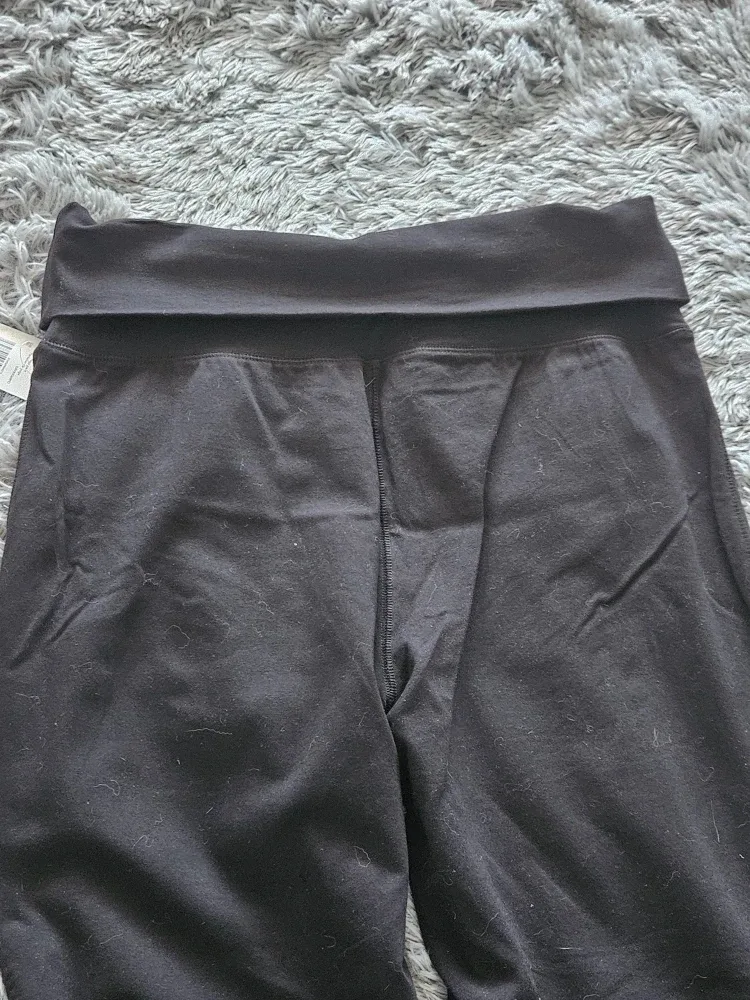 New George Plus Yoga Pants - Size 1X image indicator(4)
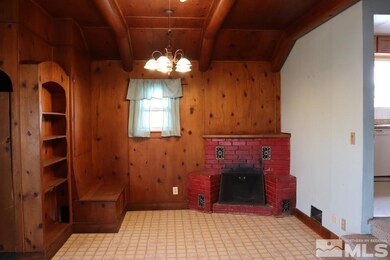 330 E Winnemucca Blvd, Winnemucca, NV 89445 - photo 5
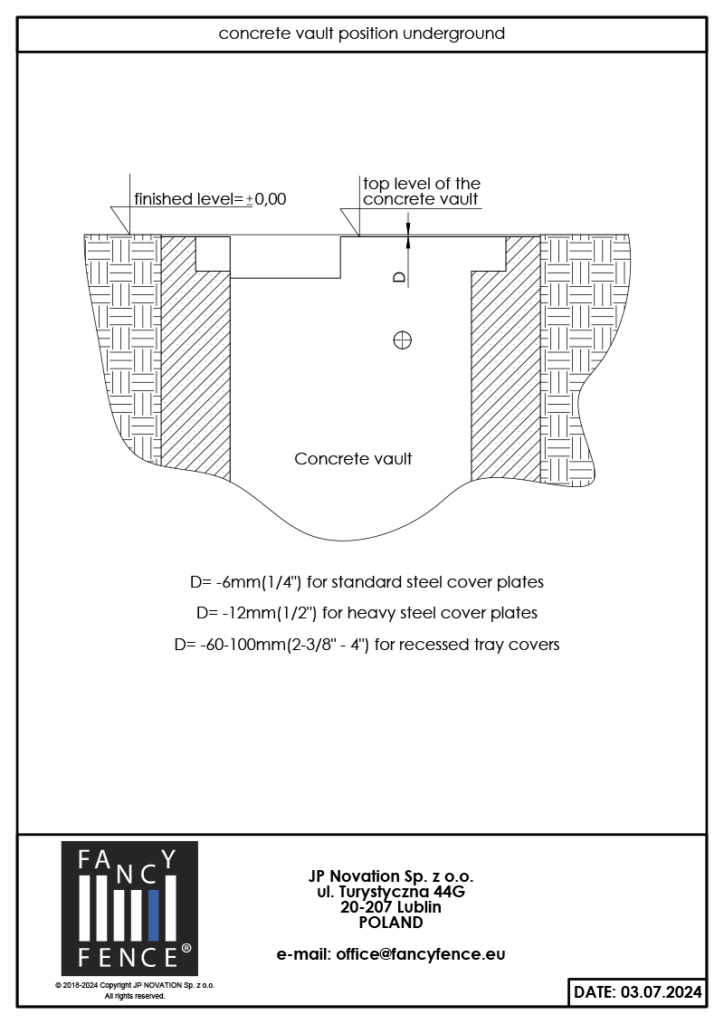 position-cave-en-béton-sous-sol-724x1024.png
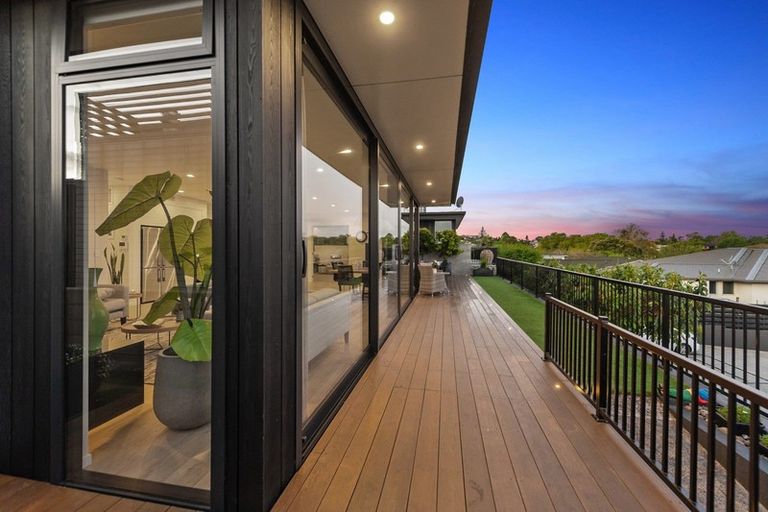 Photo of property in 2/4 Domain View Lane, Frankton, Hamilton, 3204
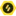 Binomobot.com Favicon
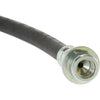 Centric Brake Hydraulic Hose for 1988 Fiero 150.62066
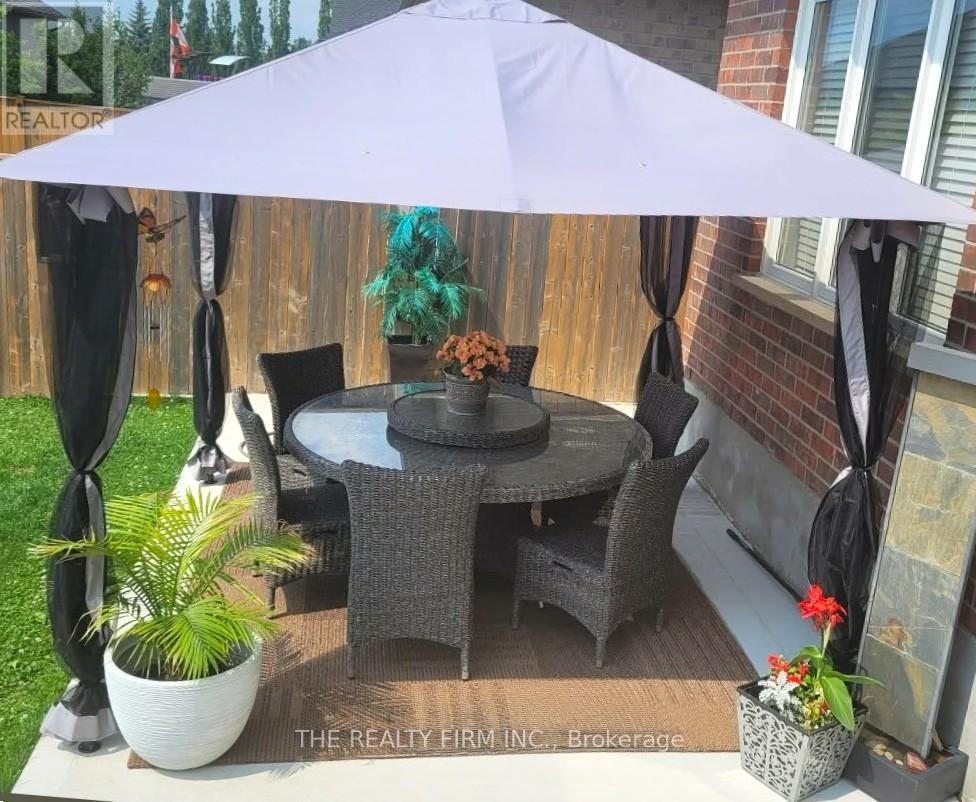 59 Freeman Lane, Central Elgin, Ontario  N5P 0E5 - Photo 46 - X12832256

▶ **Your task**:
An exact reproduction of all the records is required, with no pictures included.

▶ **Solution to the exercise**:
 New George Plus Yoga Pants - Size 1X image indicator(4)
 330 E Winnemucca Blvd, Winnemucca, NV 89445 - photo 5
 position-cave-en-béton-sous-sol-724x1024.png
 Photo of property in 2/4 Domain View Lane, Frankton, Hamilton, 3204
 Binomobot.com Favicon
 Centric Brake Hydraulic Hose for 1988 Fiero 150.62066
 59 Freeman Lane, Central Elgin, Ontario  N5P 0E5 - Photo 46 - X12832256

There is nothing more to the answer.